Forced entry

Autres titres:
Réal: Shaun Costello
Année: 1973
Origine: USA
Genre: X
Durée: 83mn
Acteurs: Harry Reems, Jutta David, Laura Cannon, Ruby Runhouse, Shaun Costello, Nina Fawcett...
Résumé: Devenu pompiste, un vétéran du Vietnam, traumatisé par les horreurs qu'il a traversé, repère des jeunes femmes qui s'arrêtent à sa station. Il les suit et les viole avant de les tuer. Lentement il ne fait plus la différence entre son passé et la réalité. Il sombre peu à peu dans la folie...
Les graves conséquences et traumatismes qu'engendra la guerre du Vietnam chez ceux qui combattirent au coeur de cet enfer fut un sujet que les réalisateurs américains ont aimé traiter dans les années 70 alors que l'ombre de ce douloureux thème planait encore sur une Amérique honteuse. Si de nombreux genres cinématographiques l'ont pris comme principal sujet, il en est un sur lequel on aurait bien peu misé, le cinéma X. On a malheureusement tendance à oublier que le X aimait alors se mélanger à d'autres genres- S-F, horreur, fantastique- avec lesquels il se mariait aisément grâce à l'intelligence de quelques réalisateurs féconds dont Shaun Costello qui en 1973 réalise Forced entry, une oeuvre choc aussi traumatisante que le sujet qu'elle aborde.

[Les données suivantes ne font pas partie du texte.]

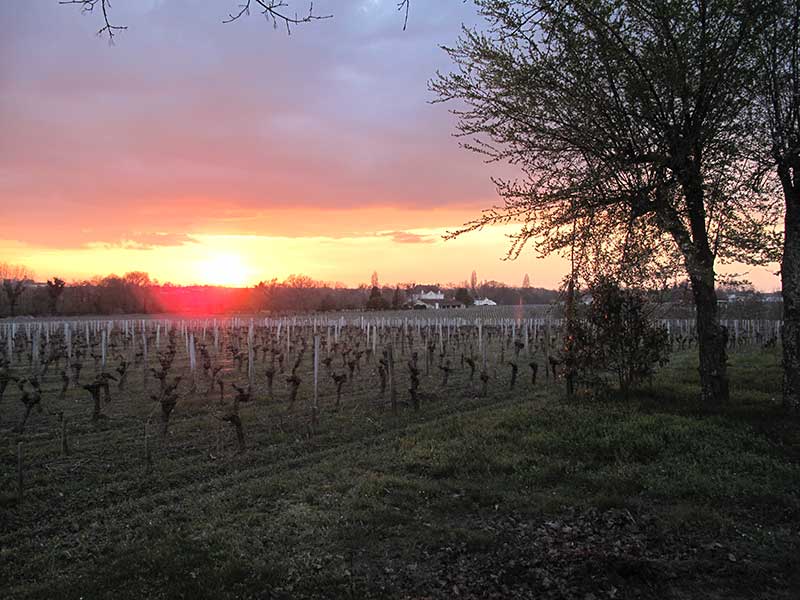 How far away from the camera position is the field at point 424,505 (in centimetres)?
470

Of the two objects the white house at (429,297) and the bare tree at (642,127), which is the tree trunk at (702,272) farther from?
the white house at (429,297)

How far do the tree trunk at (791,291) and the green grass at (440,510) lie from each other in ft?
1.64

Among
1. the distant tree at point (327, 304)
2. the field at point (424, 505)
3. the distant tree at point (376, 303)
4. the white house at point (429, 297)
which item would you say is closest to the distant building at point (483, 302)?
the white house at point (429, 297)

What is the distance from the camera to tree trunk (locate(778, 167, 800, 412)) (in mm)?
9523

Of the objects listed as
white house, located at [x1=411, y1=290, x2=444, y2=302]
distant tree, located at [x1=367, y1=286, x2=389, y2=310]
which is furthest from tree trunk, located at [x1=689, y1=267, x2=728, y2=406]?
white house, located at [x1=411, y1=290, x2=444, y2=302]

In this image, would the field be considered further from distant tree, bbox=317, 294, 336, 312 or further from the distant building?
the distant building

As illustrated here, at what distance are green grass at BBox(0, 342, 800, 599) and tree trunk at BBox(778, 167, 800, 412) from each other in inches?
19.7

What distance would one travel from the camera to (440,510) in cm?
622

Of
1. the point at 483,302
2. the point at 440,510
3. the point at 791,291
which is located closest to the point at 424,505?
the point at 440,510

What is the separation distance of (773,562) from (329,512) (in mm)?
4098

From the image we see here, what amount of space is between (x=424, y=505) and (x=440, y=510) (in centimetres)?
22

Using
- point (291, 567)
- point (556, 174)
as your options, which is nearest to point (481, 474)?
point (291, 567)

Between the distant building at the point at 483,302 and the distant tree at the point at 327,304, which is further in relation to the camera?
the distant building at the point at 483,302

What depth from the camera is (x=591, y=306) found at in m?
12.1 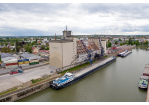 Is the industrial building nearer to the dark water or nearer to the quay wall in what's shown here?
the dark water

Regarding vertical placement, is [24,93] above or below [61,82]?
below

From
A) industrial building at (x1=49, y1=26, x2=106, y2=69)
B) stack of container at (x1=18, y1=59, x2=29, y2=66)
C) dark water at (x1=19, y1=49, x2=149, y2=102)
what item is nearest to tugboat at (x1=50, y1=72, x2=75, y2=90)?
dark water at (x1=19, y1=49, x2=149, y2=102)

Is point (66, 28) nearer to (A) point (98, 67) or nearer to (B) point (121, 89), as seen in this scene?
(A) point (98, 67)

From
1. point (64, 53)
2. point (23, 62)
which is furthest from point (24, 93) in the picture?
point (23, 62)

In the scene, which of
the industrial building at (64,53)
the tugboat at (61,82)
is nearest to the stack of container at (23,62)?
the industrial building at (64,53)

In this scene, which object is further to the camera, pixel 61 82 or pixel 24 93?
pixel 61 82

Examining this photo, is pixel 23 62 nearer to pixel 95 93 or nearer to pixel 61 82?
pixel 61 82

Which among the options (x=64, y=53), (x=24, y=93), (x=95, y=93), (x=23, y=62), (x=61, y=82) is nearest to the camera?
(x=24, y=93)

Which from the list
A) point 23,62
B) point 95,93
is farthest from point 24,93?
point 23,62

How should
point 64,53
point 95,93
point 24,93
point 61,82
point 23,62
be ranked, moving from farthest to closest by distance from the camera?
1. point 23,62
2. point 64,53
3. point 61,82
4. point 95,93
5. point 24,93

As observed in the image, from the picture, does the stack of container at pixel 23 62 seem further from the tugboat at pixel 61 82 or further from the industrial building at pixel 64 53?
the tugboat at pixel 61 82

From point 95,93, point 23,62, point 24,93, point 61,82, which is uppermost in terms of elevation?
point 23,62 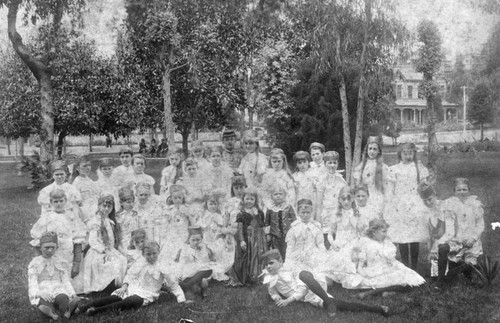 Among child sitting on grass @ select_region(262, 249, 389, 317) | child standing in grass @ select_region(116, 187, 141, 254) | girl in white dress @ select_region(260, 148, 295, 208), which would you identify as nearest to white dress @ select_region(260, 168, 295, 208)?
girl in white dress @ select_region(260, 148, 295, 208)

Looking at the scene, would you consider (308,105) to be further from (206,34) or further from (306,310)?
(306,310)

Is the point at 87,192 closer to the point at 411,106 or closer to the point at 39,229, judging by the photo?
the point at 39,229

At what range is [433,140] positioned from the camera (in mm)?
11344

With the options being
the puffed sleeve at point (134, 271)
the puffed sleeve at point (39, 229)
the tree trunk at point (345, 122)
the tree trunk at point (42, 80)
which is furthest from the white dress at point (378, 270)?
the tree trunk at point (42, 80)

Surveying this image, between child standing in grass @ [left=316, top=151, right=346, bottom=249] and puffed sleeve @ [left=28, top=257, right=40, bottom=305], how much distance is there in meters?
3.82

"Ceci est l'héritage que les vétérans ramènent de la guerre: un mélange de peur, de confusion, de rage et de frustration menant à la recherche désespérée d'un ennemi". C'est avec cette citation que le film s'ouvre lui donnant un dramatique air d'authenticité. Costello à qui on devait déjà une oeuvre fétide et particulièrement malsaine, Water power, plongée hallucinante dans l'univers d'un psychopathe obsédé par les lavements, s'attache à décrire le quotidien d'un pompiste, ancien vétéran du Vietnam. Ce qu'ignorent les jeunes filles qui s'arrêtent à sa station service c'est que cet homme d'apparence normale est malade. Il est psychologiquement dérangé par toutes les horreurs qu'il a connu dans cet enfer de feu et de sang. Il suit ces femmes et après s'être infiltré chez elles, il les viole et les tue.
Costello ne s'attarde guère sur les détails, il montre et quand il décide de montrer c'est de manière radicale, atrocement efficace. Trois filles, trois viols, trois meurtres, trois preuves de la folie de cet homme que le réalisateur nous présente par le biais d'images choc et de flashes-back cauchemardesques.

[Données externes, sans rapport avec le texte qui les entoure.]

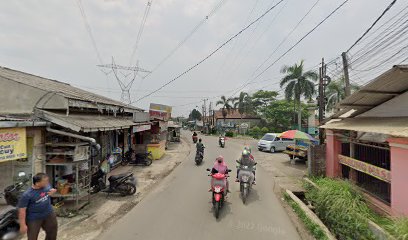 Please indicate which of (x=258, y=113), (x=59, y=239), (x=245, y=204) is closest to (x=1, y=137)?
(x=59, y=239)

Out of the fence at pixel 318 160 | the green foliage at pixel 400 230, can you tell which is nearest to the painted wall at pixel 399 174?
the green foliage at pixel 400 230

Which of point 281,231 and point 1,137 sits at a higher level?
point 1,137

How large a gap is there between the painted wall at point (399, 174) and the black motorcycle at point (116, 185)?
780cm

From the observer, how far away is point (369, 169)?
7.62 m

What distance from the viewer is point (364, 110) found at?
30.1 feet

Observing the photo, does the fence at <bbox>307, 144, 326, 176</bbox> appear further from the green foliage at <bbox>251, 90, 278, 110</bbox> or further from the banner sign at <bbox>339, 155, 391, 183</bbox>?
the green foliage at <bbox>251, 90, 278, 110</bbox>

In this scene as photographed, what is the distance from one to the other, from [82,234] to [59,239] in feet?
1.51

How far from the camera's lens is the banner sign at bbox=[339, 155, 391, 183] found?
268 inches

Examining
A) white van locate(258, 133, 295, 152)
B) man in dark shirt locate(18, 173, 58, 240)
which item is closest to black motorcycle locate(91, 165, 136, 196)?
man in dark shirt locate(18, 173, 58, 240)

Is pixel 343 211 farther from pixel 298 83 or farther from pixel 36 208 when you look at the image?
pixel 298 83

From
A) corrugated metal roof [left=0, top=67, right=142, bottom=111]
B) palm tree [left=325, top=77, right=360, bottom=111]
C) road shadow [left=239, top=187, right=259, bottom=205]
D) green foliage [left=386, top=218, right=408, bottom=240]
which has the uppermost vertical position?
palm tree [left=325, top=77, right=360, bottom=111]

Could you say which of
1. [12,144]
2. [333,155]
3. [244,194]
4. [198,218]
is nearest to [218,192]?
[198,218]

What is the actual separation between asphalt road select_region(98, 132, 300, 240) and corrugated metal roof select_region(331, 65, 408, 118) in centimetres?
432

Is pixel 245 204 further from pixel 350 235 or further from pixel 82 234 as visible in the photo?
pixel 82 234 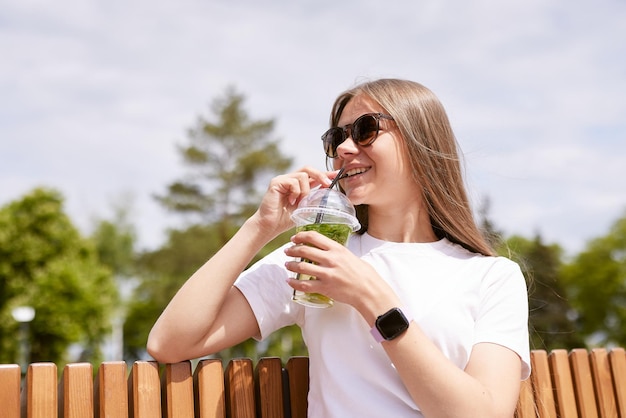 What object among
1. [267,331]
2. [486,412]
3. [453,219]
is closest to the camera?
[486,412]

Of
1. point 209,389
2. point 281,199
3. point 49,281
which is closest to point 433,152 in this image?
point 281,199

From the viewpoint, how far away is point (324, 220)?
248cm

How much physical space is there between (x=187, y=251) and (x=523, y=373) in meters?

S'il vit à New York désormais son esprit est pourtant resté quelque part au Vietnam, incapable de dissocier le passé du présent. Costello fait alors un terrifiant parallèle entre la jungle du Vietnam et les rues de Manhattan, jungle cette fois urbaine où l'esprit du guerrier resurgit. Forced entry se transforme rapidement en une oeuvre nauséeuse, incroyable et indescriptible où les flashes-back en noir et blanc, représentation du subconscient du héros, se mêlent aux viols, aux sodomies brutales et pénétrations sauvages sur fond d'images d'archive effroyables de charniers putrides, d'enfants napalmés, de mutilés. Tandis qu'il éjacule, les bombes explosent, véritable enfer de flammes, feu d'artifice aux senteurs de chairs grillées. La puissance de cet impensable mélange particulièrement écoeurant est renforcé par un montage nerveux, sec, où chaque son semble amplifié au maximum jusqu'à devenir obscène. Les bruits indécents et visqueux de pénétration, des testicules qui battent contre la caméra, du sperme qui gicle résonnent dans la tête du spectateur comme un cauchemar sans fin.
Forced entry est une vertigineuse plongée au coeur des méandres d'un esprit à jamais dérangé. Tout y est sale. Les sexes comme les anus sont poilus, les corps sont bourrelettés, flasques, la chair est répugnante et se tachent de merde. You put shit on my prick, bitch! I've got shit on my cock! hurle notre psychopathe alors qu'il sodomise une de ses victimes.
L'issue de ce voyage au bout de l'horreur ne pourra qu'être la mort, libératrice, salvatrice. Cet homme au comble de la folie ne supportera pas de perdre la face, d'être la risée de deux hippies hilares qui sous l'effet du LSD prennent leur viol pour un jeu et se moquent ouvertement de leur bourreau. C'est pour lui le point de non retour, son cerveau disjoncte totalement. Dans un redoutable feu d'artifice d'images de massacres, de tueries et d'explosions auquel se mélangent les hurlements des victimes et des agonisants, il se tirera une balle dans la tête sous le rires convulsifs des deux hippies, mettant ainsi un terme à sa folie désespérée.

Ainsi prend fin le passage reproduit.